The humanists and social justice warriors of Hollywood, from Madonna to Johnny Depp, cannot agree whether their elected president should be beheaded, blown up, stabbed, shot, or incinerated. All the Democratic would-be presidential nominees agree that Trump is the worst something-or-other in history—from human being to mere president.
Former subordinates like Anthony Scaramucci, Omarosa, and Michael Cohen insist that he is a racist, a sexist, a crook, a bully, or mentally deranged—and they all support their firsthand appraisals on the basis they eagerly worked for him and were unceremoniously fired by him.

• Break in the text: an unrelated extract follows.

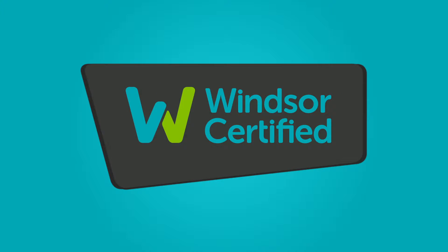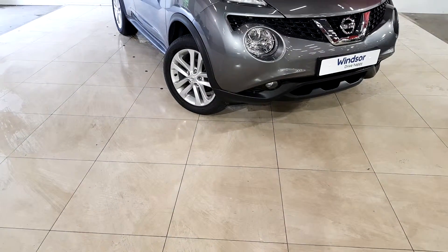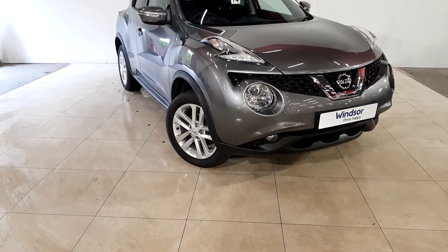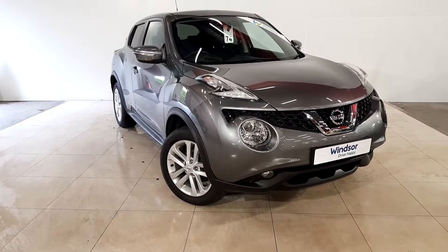Buy with confidence and get the best benefits for your used vehicle with Windsor Certified. Like a comprehensive 12-month warranty that will keep you covered for any unforeseen mechanical issues. And with a thorough history check on all of our vehicles, you won't have to worry about any hidden surprises.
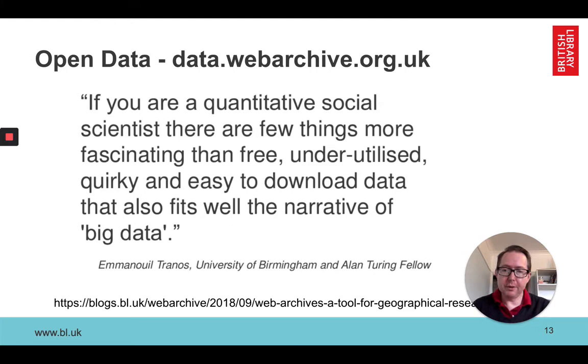To illustrate what someone has done with our geo-index collection: Emmanuel Tranos, now a fellow at the Turing Institute, did some geo data analysis against businesses and found it very useful. There's a link to the blog post he wrote about it if you want to know more.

The so-called deep state detests him. An anonymous op-ed writer in the September 5, 2018 New York Times bragged about the bureaucracy’s successful efforts to ignore Trump’s legal mandates—a sort of more methodical version of the comical Rosenstein-McCabe attempt to stage a palace coup and remove Trump, or the Democrats efforts to invoke the 25th Amendment and declare Trump crazy, bolstered by an array of Ivy League psychiatrists who had neither met nor examined him.
Decorated retired U.S. Navy Admiral William McRaven wrote another New York Times op-ed blasting Trump and fretting that it is time for a new person in the Oval Office—Republican, Democrat or independent—“the sooner, the better.”
One wonders what McRaven meant with the adverb “sooner,” given that an election is scheduled in about a year and even retired officers are subject to the code of military justice not to attack, despite perceived taunts, their current commander-in-chief, much less wink and nod about his apparent removal (in what way?) from office. Do we really want a county in which retired admirals and intelligence officials publicly damn the current commander in chief over policy differences and advocate his removal, “the sooner the better”?
The House Democrats simply want him impeached first, and later will fill in the blanks with the necessary high crimes and misdemeanors.
Most of the prominent New York-Washington, D.C. insider Republican pundits abhor him. The creed of a NeverTrumper is that it is well worth the effort to see the current Republican president removed, and his administration imploded—even if that means four or eight years of an Elizabeth Warren, a Bernie Sanders, or a Joe Biden agenda as voiced in the debates. That would likely mean Medicare for All, the Green New Deal, slavery reparations, permissible infanticide in the case of late-term abortions, a wealth tax, and a generally socialist platform, from renouncing student debts to veritable open borders.
Only amid the ashes of Trump’s destruction do sober and judicious conservative intellectuals, writers, pundits, think-tankers, and establishment Republican grandees believe they can step in to rebirth the Republican Phoenix, nurturing the rising new party with its once hallowed traditions as exemplified by George H.W. Bush, John McCain, and Mitt Romney.
The Conservative Record
But what drives this unprecedented furor, given the economy has reached near-record low peacetime unemployment at 3.5 percent, resulting in millions of inner-city youth and poor being sought after by labor-needy employers? What is so evil about attracting the lower-middle classes to the Republican Party, and shedding its stereotype as a party of the golf links and corporate retreats?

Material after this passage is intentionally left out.